Im Alltag bedeutet das für mich und meine Kollegen, ein förderliches Umfeld für die jungen Menschen zu schaffen und sie vorurteilsfrei anzunehmen, so, wie sie sind. „In jedem Jugendlichen, auch im unglücklichsten, gibt es einen Punkt, wo er für das Gute empfänglich ist; und die erste Pflicht des Erziehers ist es, diesen Punkt, diese empfindsame Seite des Herzens zu suchen und fruchtbar zu machen.“ Zugegeben, öfters gestaltet sich diese Suche ein wenig schwierig, vor allem dann, wenn die jungen Menschen bereits so viele Misserfolge und Enttäuschungen erleben mussten, dass sie nicht mehr an sich selbst glauben. Verschlossenheit, Ablehnung, Ignoranz, manchmal auch Aggressivität – das erleben wir vor allem in unserem Projekt „Startklar in die Zukunft“. Da wünsche ich mir oft noch bessere Ohren, um in diese jungen Menschen hineinhören zu können. Es ist herausfordernd, unsere jungen Leute spüren zu lassen, dass sie wirklich angenommen sind. Auch, wenn wir die Herzlichkeit und die Familiarität leben, entsteht nicht immer gleich Vertrauen. Das kann sehr lange dauern. Manchmal bleibt das Vertrauen ein sehr fragiles Konstrukt, das schnell wieder zerbricht. In diesen Situationen hilft mir meine Überzeugung, dass Gott mir diese jungen Menschen nicht ohne guten Grund als Herausforderung schenkt. Auch, wenn ich diesen guten Grund nicht immer gleich erkennen kann und an Grenzen gerate, weiß ich, dass alles seinen Sinn hat.
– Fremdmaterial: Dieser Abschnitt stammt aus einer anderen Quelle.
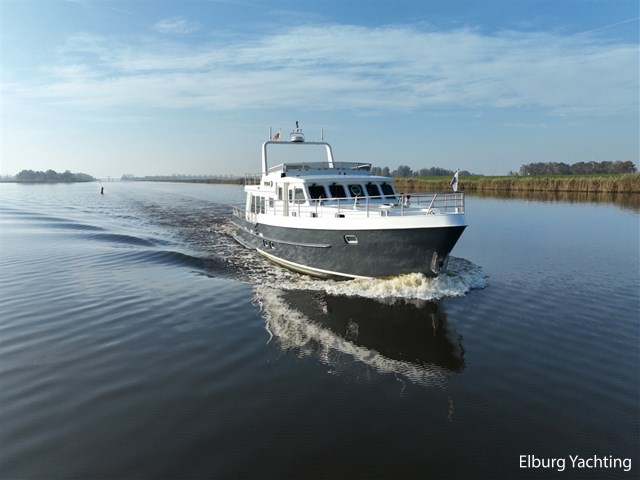 Altena Trawler 50 - France Proof - Stabilizers — foto 91 van 95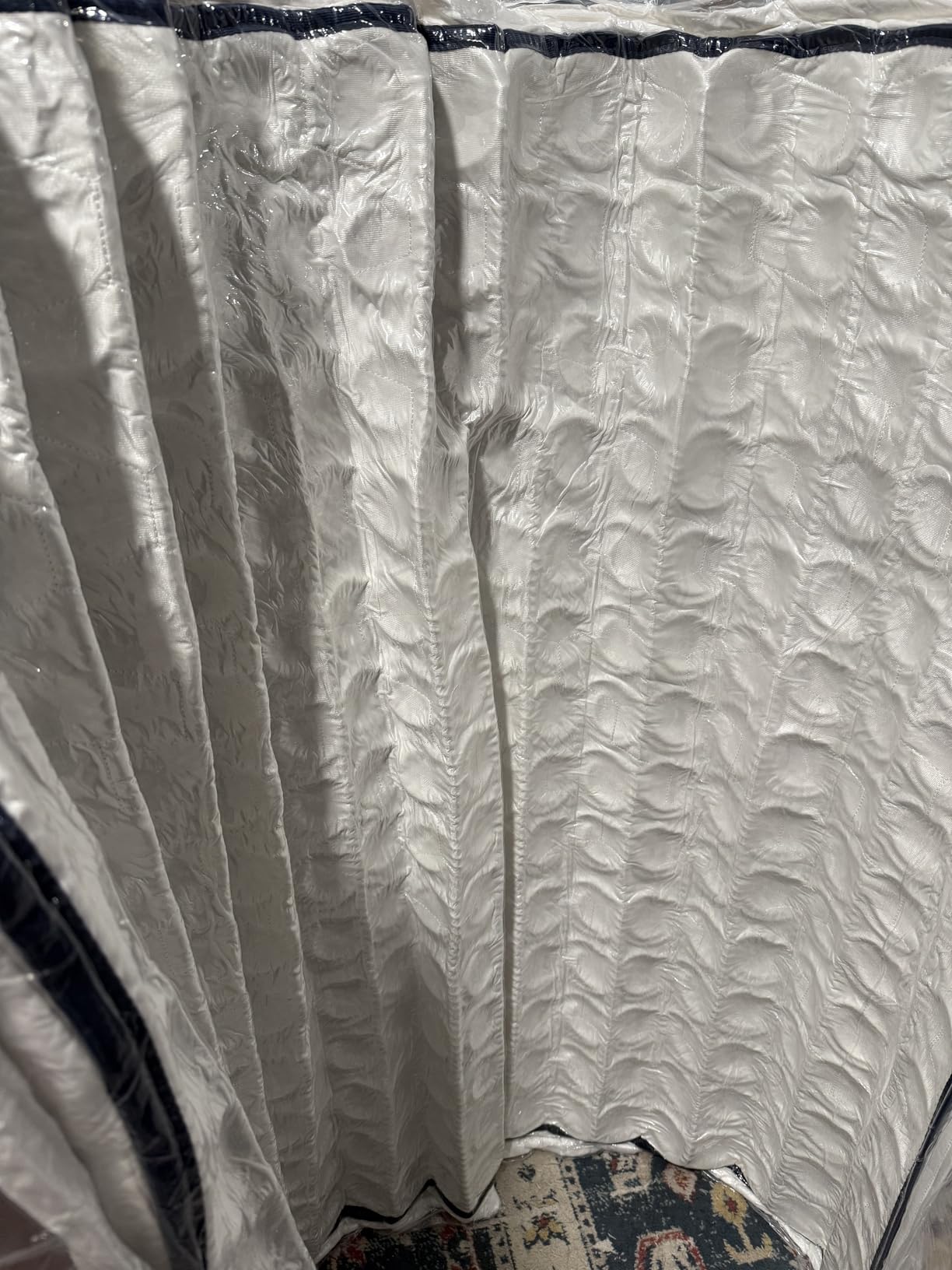Novilla Full Size Mattress, 12 Inch Hybrid Mattress in A Box, Pocket Innerspring for Motion Isolation, Supportive & Pressure Relief customer photo 1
Wenn ich auf das Jahr zurückschaue, dann war unser Projekt „Wildfang“ ein Herzens projekt für mich. Wir haben es für die TeilnehmerInnen im Projekt „Startklar in die Zukunft“ konzipiert. Tiergestützte Sozialarbeit mit Pferden, angereichert mit reittherapeutischen Elementen, sollte den jungen Menschen die Möglichkeit geben, Selbstwirksamkeit zu erfahren, und sie so in ihrer Persönlichkeit und Individualität stärken. Durch den Umgang mit den Pferden und die Gegebenheiten der Natur wollten wir Erfahrungsspielräume schaffen, um Veränderungsprozesse anzuregen. Am Ende stand eine mehrtägige Abschlussfahrt an die Ostsee auf eine große Reitanlage. Dort lebten wir gemeinsam mit den jungen Menschen in einem Haus, teilten mit ihnen unzählige wunderbare Momente. In diesem familiären und freundschaftlichen Klima gelang es jedem dieser jungen Menschen, über sich hinauszuwachsen. Egal, ob der Umgang mit den fremden und viel größeren Pferden oder der Aufstieg auf einen Leuchtturm bei Windstärke 9 – jede Herausforderung wurde angenommen. Wir waren gemeinsam unterwegs, das zählte. Die sehr intensive gemeinsame Zeit hat tief im Inneren bei allen Spuren hinterlassen, welche die ersten kleinen Schritte auf dem Weg zur „empfindsamen Seite des Herzens“ sind.
Dana Hubert
Alter: 45 Jahre
Einrichtung: Don Bosco Haus Chemnitz
Zur Person: Dana Hubert absolvierte ursprünglich eine Ausbildung zur Rechtsanwaltsfachangestellten, gab diesen Beruf aber auf und absolvierte ein duales Studium der Sozialen Arbeit. Von 2013 bis 2016 leitete sie eine Kinder- und Jugendstation in Ribnitz-Damgarten mit ambulanten und stationären Jugendhilfeangeboten. 2016 kehrte sie mit ihrer Familie ins Erzgebirge zurück und nahm eine Tätigkeit im Allgemeinen Sozialdienst auf. Seit September 2017 ist sie nun im Don Bosco Haus Chemnitz als Pädagogische Leitung tätig.